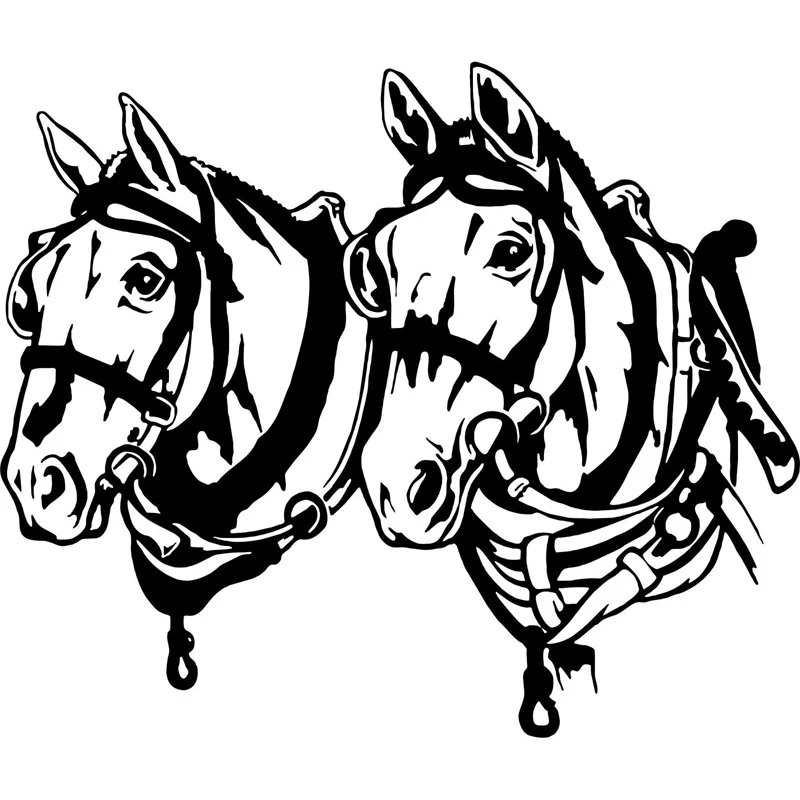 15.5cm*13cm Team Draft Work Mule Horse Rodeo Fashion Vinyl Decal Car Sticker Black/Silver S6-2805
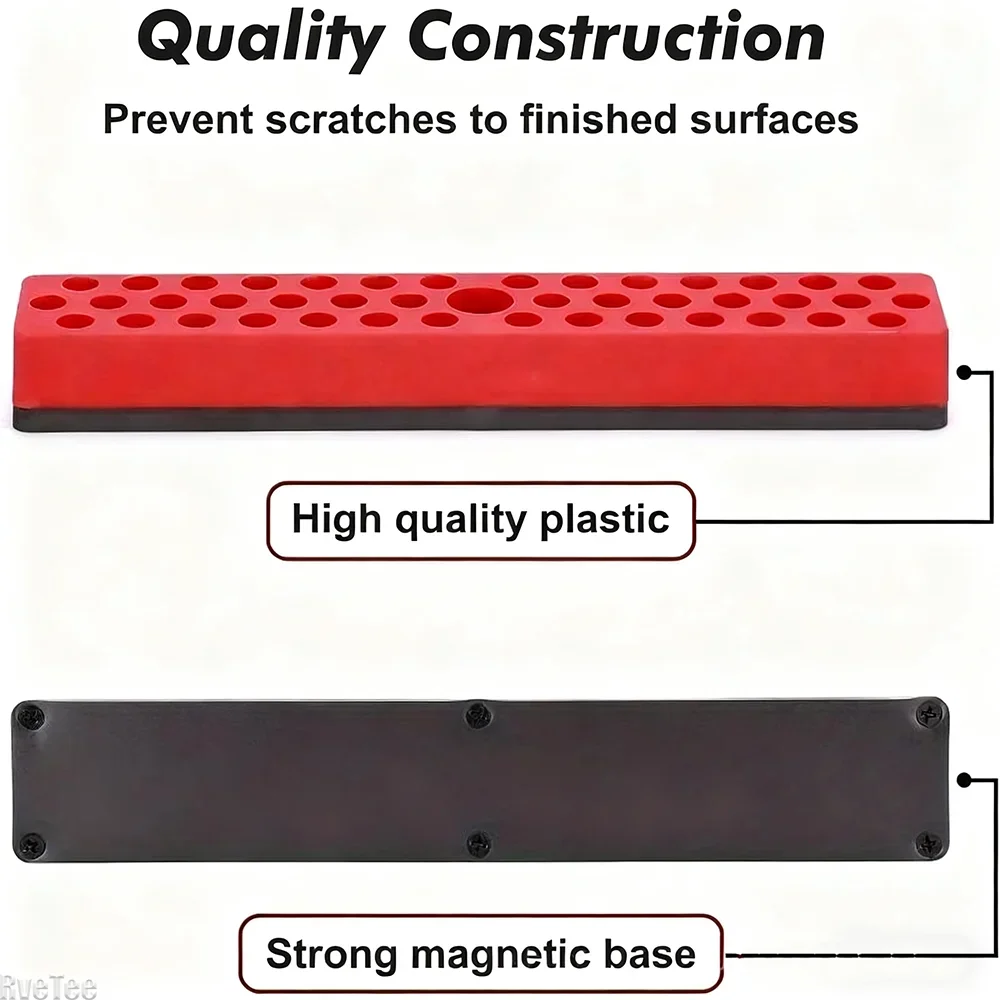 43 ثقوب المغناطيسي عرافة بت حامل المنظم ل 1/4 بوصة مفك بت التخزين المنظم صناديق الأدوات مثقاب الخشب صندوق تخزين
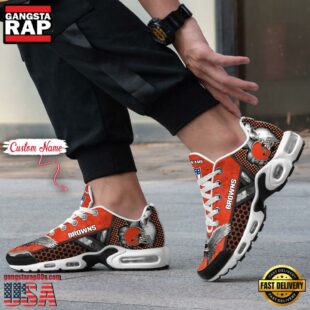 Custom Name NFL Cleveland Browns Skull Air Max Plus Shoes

▶ **Prompt**:
Apart from its pictures, the data is to be repeated exactly.

▶ **Output of the task**:
 15.5cm*13cm Team Draft Work Mule Horse Rodeo Fashion Vinyl Decal Car Sticker Black/Silver S6-2805
 43 ثقوب المغناطيسي عرافة بت حامل المنظم ل 1/4 بوصة مفك بت التخزين المنظم صناديق الأدوات مثقاب الخشب صندوق تخزين
 Custom Name NFL Cleveland Browns Skull Air Max Plus Shoes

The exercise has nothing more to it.